On Mon, 17 Nov 2008 09:15:26 +0100
Ingo Molnar <mingo@...e.hu> wrote:

> 
> * FUJITA Tomonori <fujita.tomonori@....ntt.co.jp> wrote:
> 
> > This patch fixes swiotlb to use dev->coherent_dma_mask in 
> > alloc_coherent. Currently, swiotlb uses dev->dma_mask in 
> > alloc_coherent but alloc_coherent is supposed to use 
> > coherent_dma_mask. It could break drivers that uses smaller 
> > coherent_dma_mask than dma_mask (though the current code works for 
> > the majority that use the same mask for coherent_dma_mask and 
> > dma_mask).
> > 
> > Signed-off-by: FUJITA Tomonori <fujita.tomonori@....ntt.co.jp>
> > ---
> >  lib/swiotlb.c |   10 +++++++---
> >  1 files changed, 7 insertions(+), 3 deletions(-)
> 
> Applied it with the changelog below to tip/core/urgent, thanks!
> 
> I also flagged it for v2.6.28 inclusion. This bug was caused by the 
> removal of the GFP_DMA hack in swiotlb_alloc_coherent() in this cycle. 
> I havent seen it actually reported anywhere - have you perhaps?Or have 
> you found this via code review?

This wasn't introduced by the removal of the GFP_DMA hack. It has been
for ages, I think.

I knew this issue but I thought that it's harmless and let it
alone. But Grant Grundler said that there are some devices are
troubled by this:

http://marc.info/?l=linux-kernel&m=122379585203173&w=2

I fixed VT-d about this (bb9e6d65078da2f38cfe1067cfd31a896ca867c0) but
somehow I forgot about swiotlb.

I think that it would be fine to push this to 2.6.29 since seems that
nobody hits this.

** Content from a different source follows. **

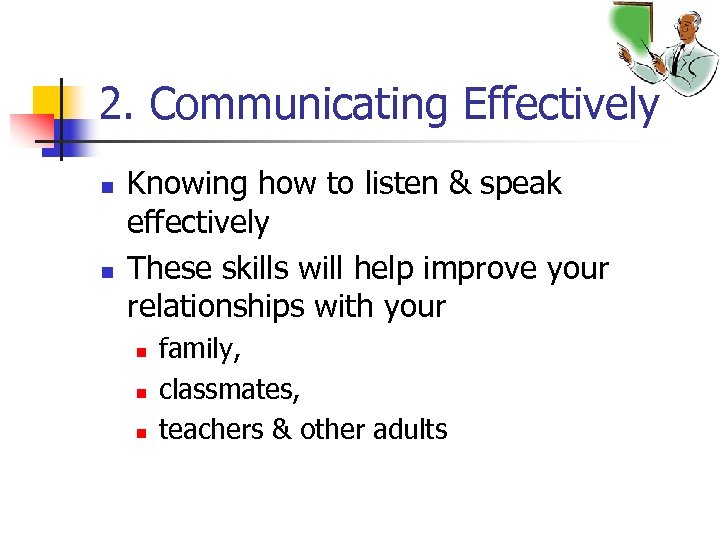 2. Communicating Effectively n n Knowing how to listen & speak effectively These skills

But it's also fine to push it for 2.6.28 since it's
theoretically a bug fix and pretty trivial.


> Do we know roughly the range of devices/systems where there's a real 
> address range that cannot be DMA-ed to coherently, and an estimation 
> about how frequently they would be affected by this bug?

I think that if a driver hits this bug, it's likely that an user sees
kinda data corruption right after loading the driver.